From Mahara Sinclair and Ken Grist, Nov. 2010.
Contact to mahara.sinclaire@gmail.com
We`ve just completed a six-day birding tour organized by Aves Patagonia, as a pre-conference trip to the South American Bird Fair. The journey was close to 2,000 kilometres from Buenos Aires to San Martin de los Andes. What a time we had. There were five birders on the tour, our birding guide, Federico, and two different drivers in a 14-seater van. We enjoyed time with a couple from France and an Argentine woman. Federico is a wonderful guide, very knowledgeable and eager to please. The group dynamics were excellent and we had a lot of fun. All of us are avid birders. We had some difficulty because of our less-than-perfect Spanish language skills, but I now know a lot of Argentine birds by their Spanish names. Our conversations were a combination of Spanish, English and French, although mostly in Spanish, or Spangish. It worked, although next time we would like to learn the names in English. We missed a great deal of the small talk.
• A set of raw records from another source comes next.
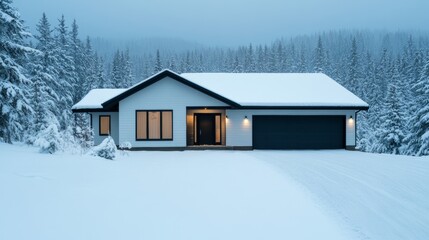 Snow stoppers on a modern home’s metal roof, surrounded by snow-covered trees, providing winter safety and durability 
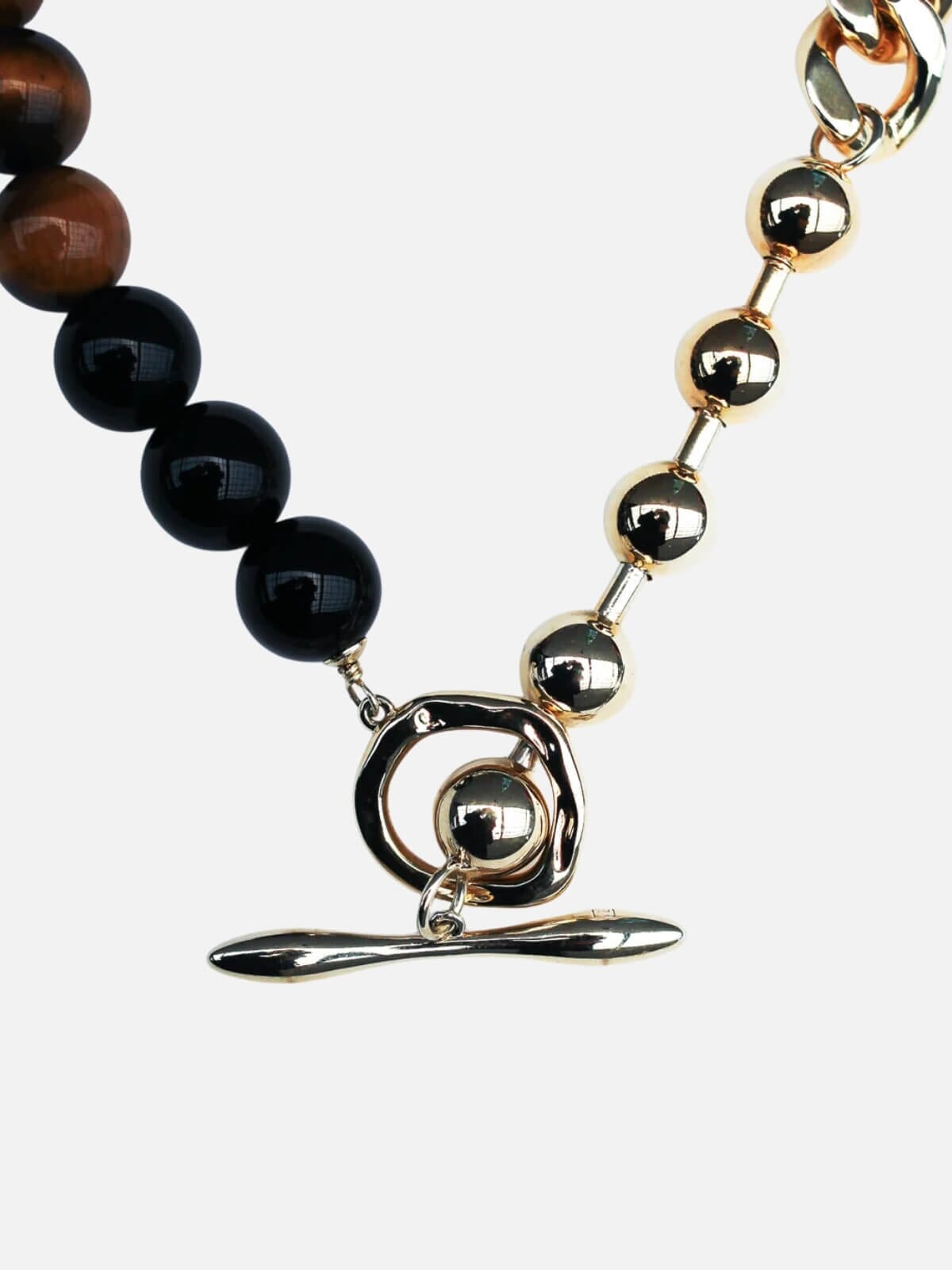 Primal Statement Necklace: Tigers Eye + Onyx Necklaces F+H Jewellery 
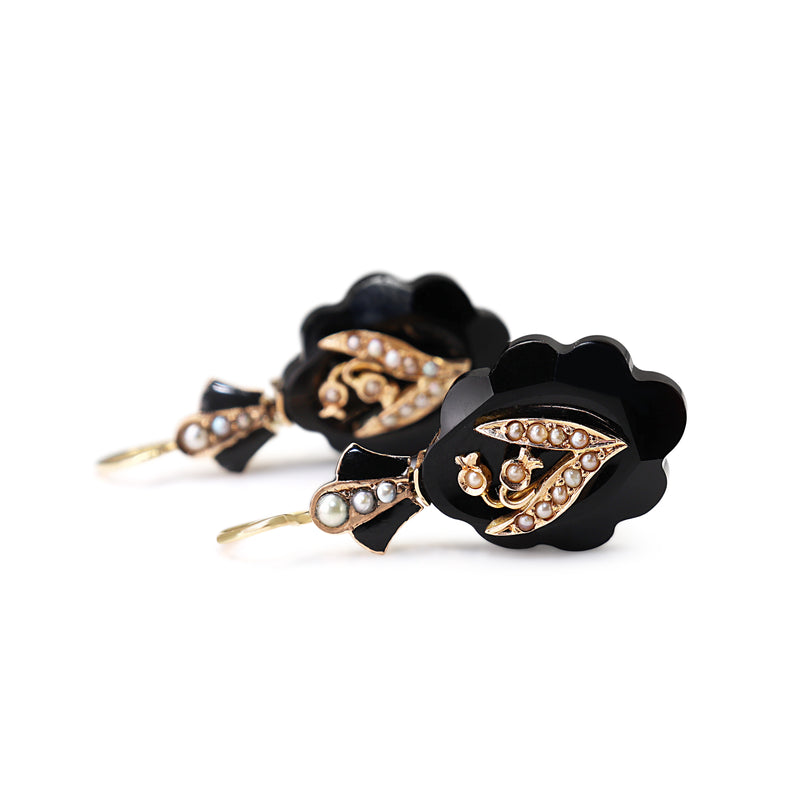 14ct Yellow Gold Jet and Seed Pearl Antique Earrings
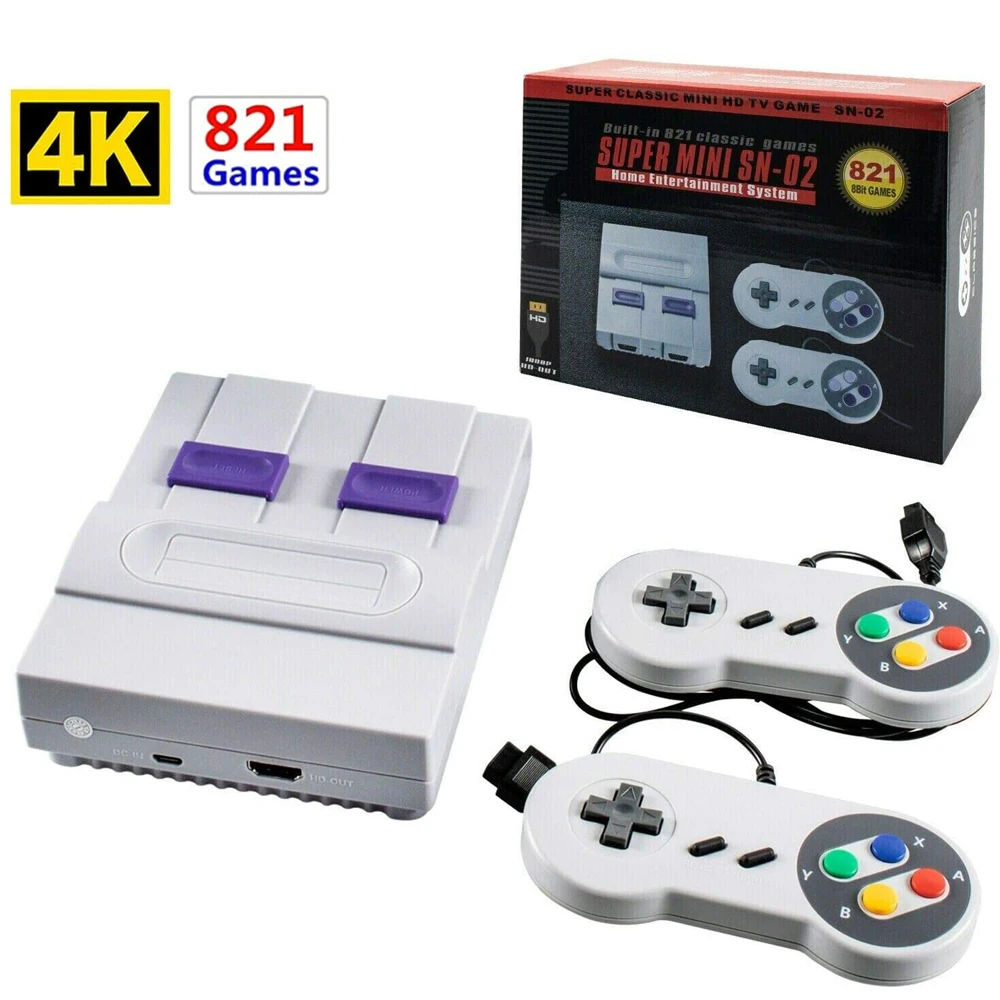 Мини игровая приставка ретро Игровая 821 встроенных игр ТВ видеоигры выход HDMI 8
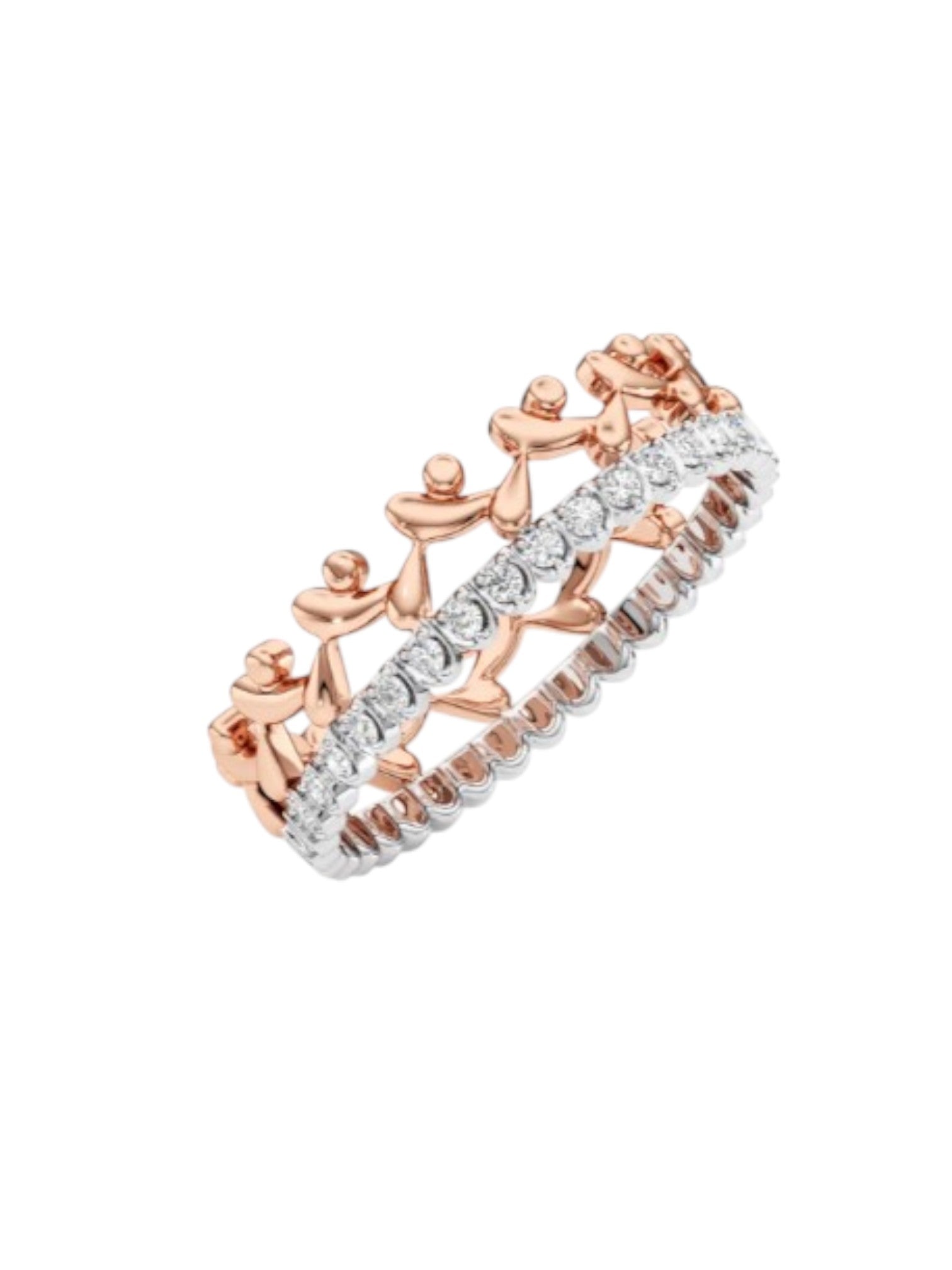 Tiara 925 Sterling Silver Rose Gold Plated CZ Stone Light Weight Ring For Women By Kesardeep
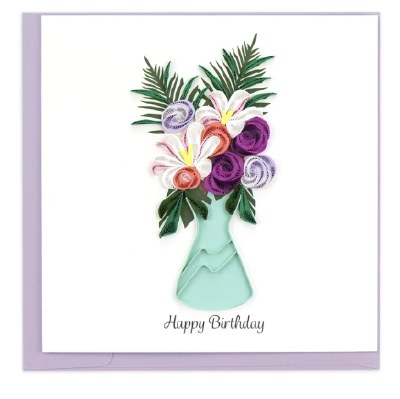 6" x 6" Quilling Birthday Flower Vase Card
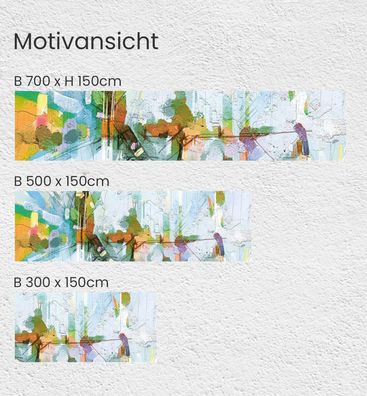 Balkonbanner Abstraktes Gemälde mit blau orangen Pinselstrichen Balkon Garten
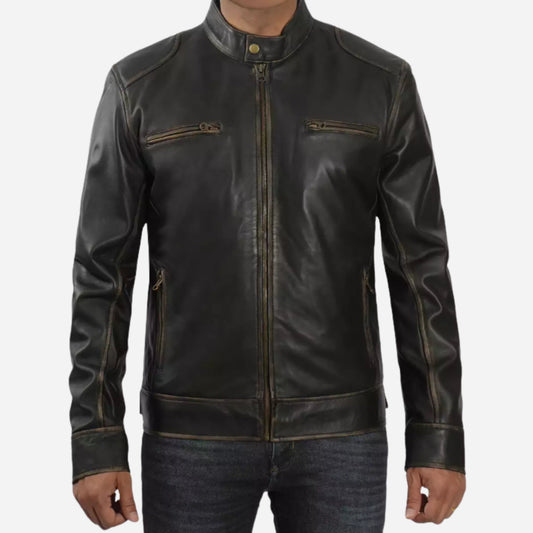 Men's Tall Distressed Brown Cafe Racer Leather Jacket Verified Leather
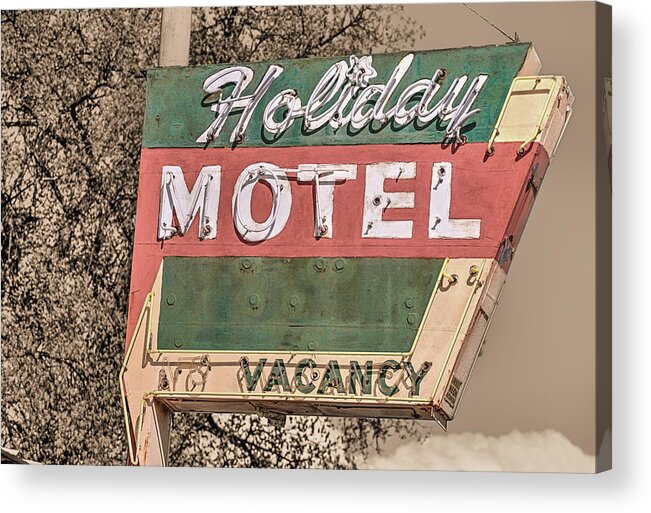 Vintage Hotel Sign Acrylic Print featuring the photograph Route 66 Vintage Americana Holiday Motel by JC Findley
The first day we covered almost 600 kilometres, but after that most other days we traveled an easy 200 kilometres or so. On a typical day we were up early, and after a quick breakfast of medialunas (tiny croissants) and coffee, were on to our first birding site, generally close to where we arrived the previous night. Sometimes we saw birds in the hotel parking lot. For example, from the town of Carhue we went to Lago Epequen where we saw dozens of flamingos and Wilson’s phalaropes. After we’d seen all we could in an area, we would pile into the van and drive for a few more hours to the next location, stopping along the road by little ponds or marshes if we saw unusual-to-us birds or animals. We stayed at Carhue, Santa Rosa, Puelches, La Roca and Piedra del Aguila.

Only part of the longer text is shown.